Sunday, November 26, 2006

The "centrist" position on the war in Iraq

This Washington Post article on the inner workings of the bizarrely revered Baker-Hamilton Commission is notable for several reasons, the first of which is that neoconservatives are stomping their feet and whining loudly because they feel that their Great Wisdom and Expertise are being unfairly ignored:

Neoconservatives, who supported and crafted much of the original Iraq strategy, say the panel was stacked against them. Michael Rubin, political adviser to the Coalition Provisional Authority, resigned because he said he was a token.

"Many appointees appeared to be selected less for expertise than for their hostility to President Bush's war on terrorism and emphasis on democracy," Rubin wrote in the Weekly Standard. Baker and Hamilton "gerrymandered" the experts only "to ratify predetermined recommendations," he wrote. "Rather than prime the debate they sought to stifle it."

Only two of the 40 experts -- May and former CIA analyst Reuel Marc Gerecht -- are neoconservatives.

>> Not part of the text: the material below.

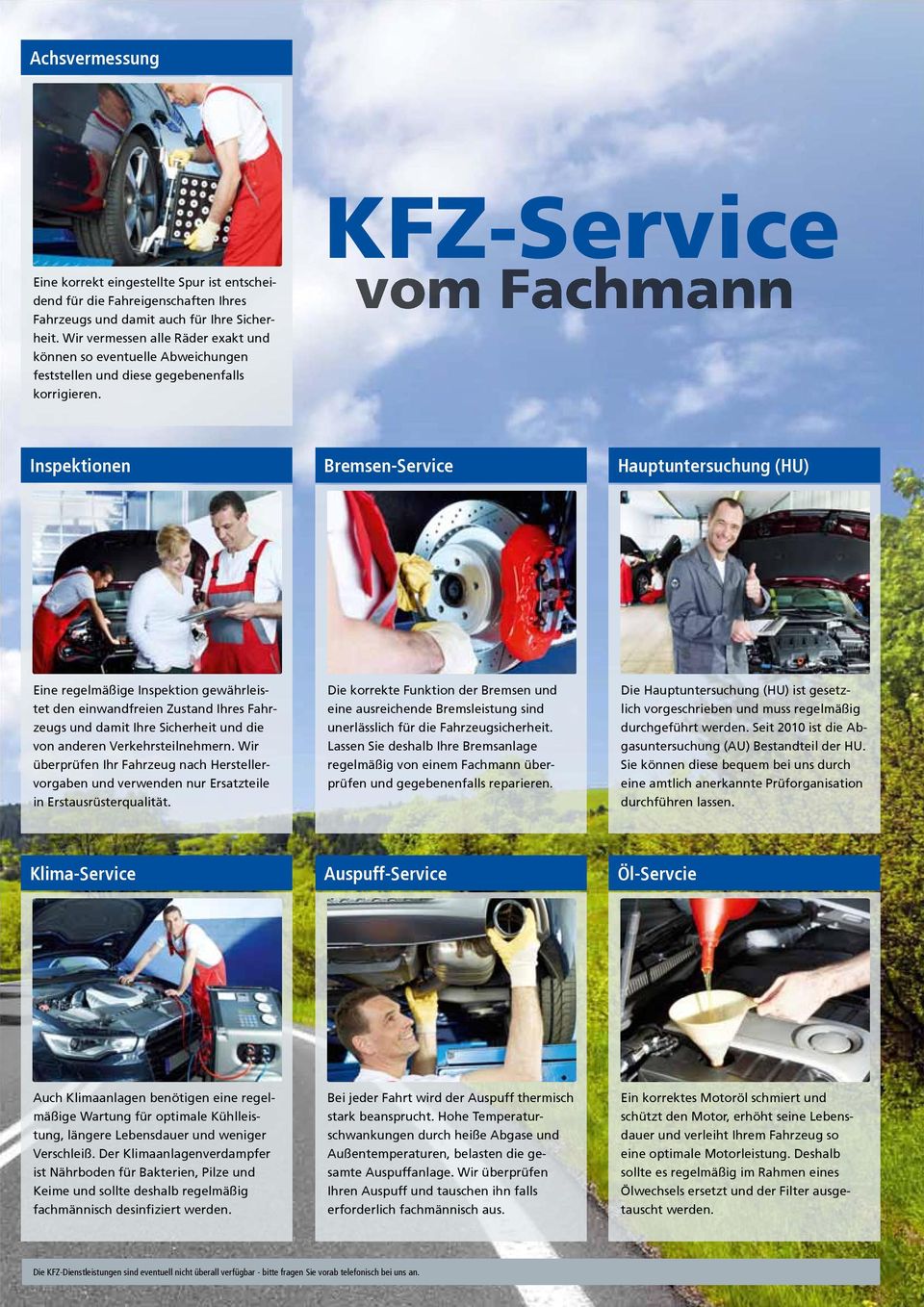 KFZ-Service vom Fachmann Inspektionen Bremsen-Service Hauptuntersuchung (HU) Eine regelmäßige Inspektion gewährleistet den einwandfreien Zustand Ihres Fahrzeugs und damit Ihre Sicherheit und die von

Seeking input from the neocons on how to solve the Iraq disaster would be like consulting the serial arsonist who started a deadly, raging fire on how to extinguish it. That actually might make sense if the arsonist were repentant and wanted to help reverse what he unleashed. But if the arsonist were proud of the fire he started and actually wanted to see it rage forever, even more strongly -- and, worse, if he were intent on starting whole new fires just like the one destroying everything and everyone in its path-- it would be the height of irrationality for those wanting to extinguish the fire to listen to what he has to say.

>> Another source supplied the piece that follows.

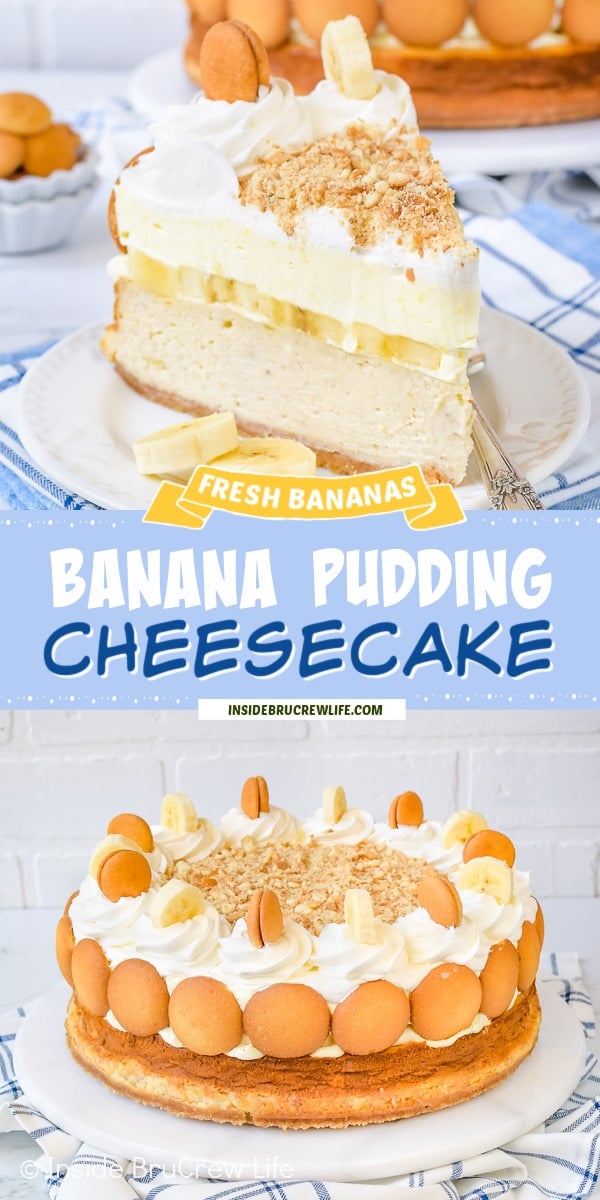 Two pictures of Banana Pudding Cheesecake collaged together with a light blue text box.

But more notable than the supposed exclusion of neocons (something that should be believed only once it is seen) is this claim about Washington-style balance and "centrism":

The panel was deliberately skewed toward a centrist course for Iraq, participants said. Organizers avoided experts with extreme views on either side of the Iraq war debate.

I'd really like to know what the excluded anti-war "extreme view" is that is the equivalent of the neonconservative desire for endless warfare in Iraq and beyond. The only plausible possibility would be the view that the U.S. ought to withdraw from Iraq, and do so sooner rather than later. What else could it be? Nobody, to my knowledge, is proposing that we cede American territory to the Iraqi insurgents, so withdrawal essentially defines the far end of the anti-war spectrum.

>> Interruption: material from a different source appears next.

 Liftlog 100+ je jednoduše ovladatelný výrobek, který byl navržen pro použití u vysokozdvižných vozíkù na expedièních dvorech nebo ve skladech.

Is withdrawal -- whether incremental or total -- considered to be an "extreme view" that the Washington "centrists" have not only rejected but have excluded in advance even from consideration? That's what this article seems to suggest, and that would definitely be consistent with conventional Beltway wisdom -- that withdrawal is advocated only by the fringe radicals and far leftists (such as the individual whom Americans just knowingly installed as Speaker of the House).

There is nothing "centrist" about a Commission which decides in advance that it will not remove our troops from a war which is an unmitigated disaster and getting worse every day. It just goes without saying that if you invade and occupy a country and are achieving nothing good by staying, withdrawal must be one of the primary options considered when deciding what to do about the disaster.

Even if that is not the option ultimately chosen, a categorical refusal in advance to consider that option -- or to listen to experts who advocate it -- is not the work of a "centrist" body devoted to finding a solution to this war. If the Commission begins with the premise that we have to stay in Iraq and then only considers proposals for how to modify our strategy on the margins, that is anything but centrist. To the contrary, that is a close-minded -- and rather extremist -- commitment to the continuation of a war which most Americans have come to despise and want to see brought to an end.

Back in 2002, when the U.S. was debating whether to invade Iraq, those who opposed the invasion were, for that reason alone, dismissed as unserious morons and demonized as anti-American subversive hippies. Despite the fact that subsequent events have largely proven them to have been right, and that those who did the demonizing were the frivolous, unserious, know-nothing extremists, this narrative persists, so that -- even now, when most Americans have turned against this war -- the only way to avoid being an "extremist," and to be rewarded with the "centrist" mantle, is to support the continuation of this war in one form or another.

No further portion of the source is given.